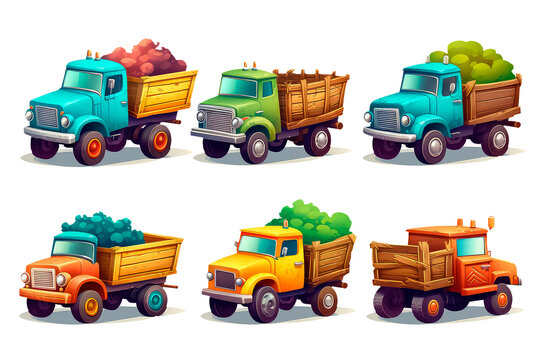 set farm pickup in cartoon style for video game isolated on white background.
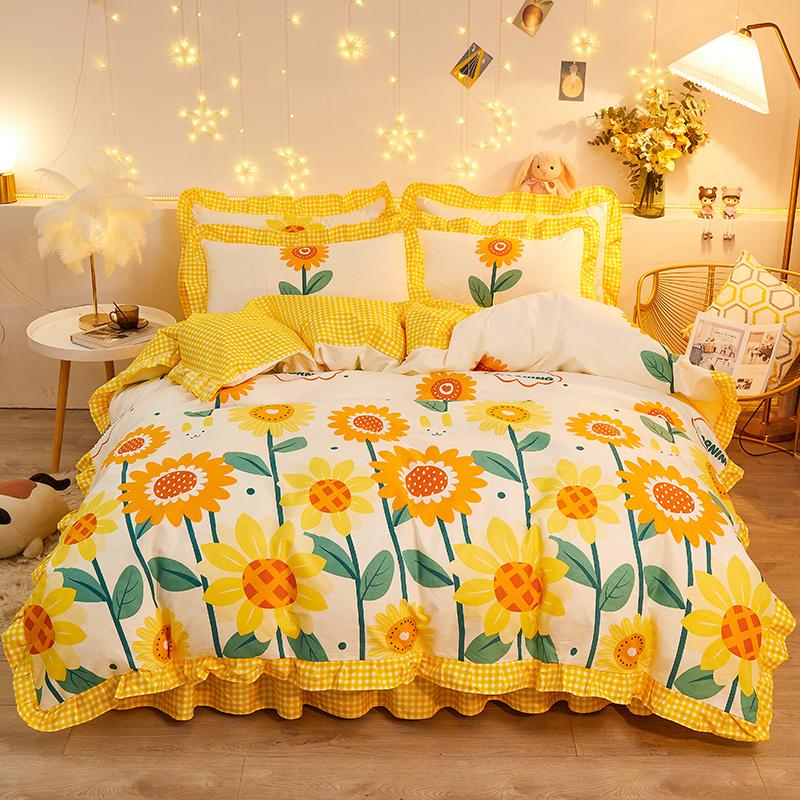 

Botanical Floral Duvet Cover With Ruffle Lace Pastoral Style Flowers Comforter Cover 3 Piece Microfiber Reversible Bedding Set Single 150x200cm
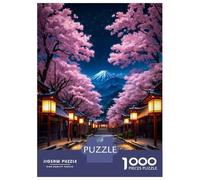 Rompecabezas De 1000 Piezas para Adolescentes Rompecabezas Japan Cherry Blossom Fuji para Adultos Juego Familiar Análisis Y Lógica Ayuda Al Cerebro A Ejercitarse 70x50cm/1000pcs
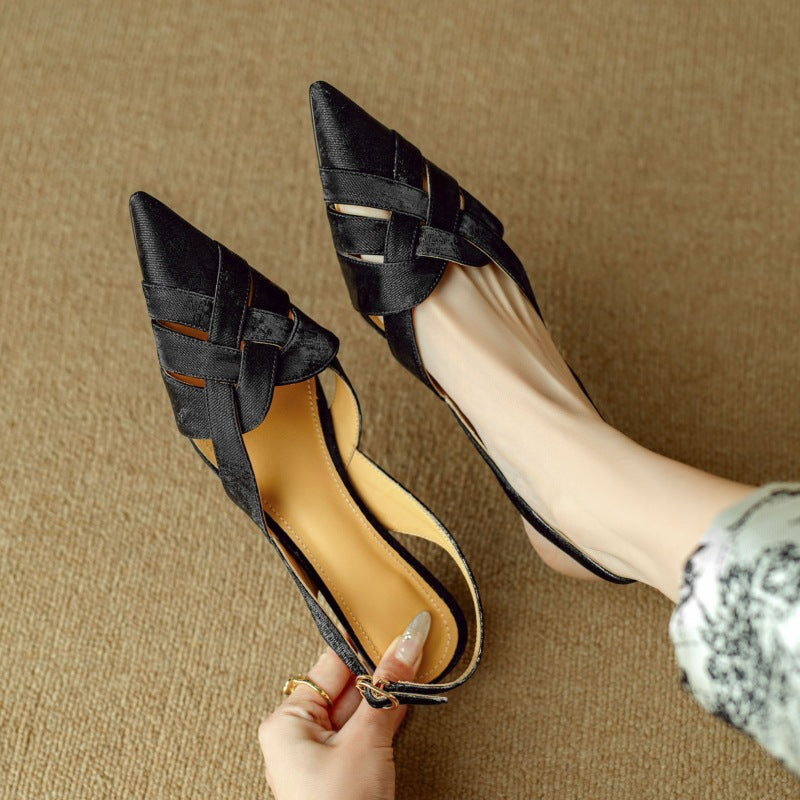 Calypso | Woven Leather Slingback Heels Pointed Toe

+++

#### Exercise description:
Copy the preceding data in full and word for word, dropping its pictures.

#### Output below:
 set farm pickup in cartoon style for video game isolated on white background.

Botanical Floral Duvet Cover With Ruffle Lace Pastoral Style Flowers Comforter Cover 3 Piece Microfiber Reversible Bedding Set Single 150x200cm
 Rompecabezas De 1000 Piezas para Adolescentes Rompecabezas Japan Cherry Blossom Fuji para Adultos Juego Familiar Análisis Y Lógica Ayuda Al Cerebro A Ejercitarse 70x50cm/1000pcs
 Calypso | Woven Leather Slingback Heels Pointed Toe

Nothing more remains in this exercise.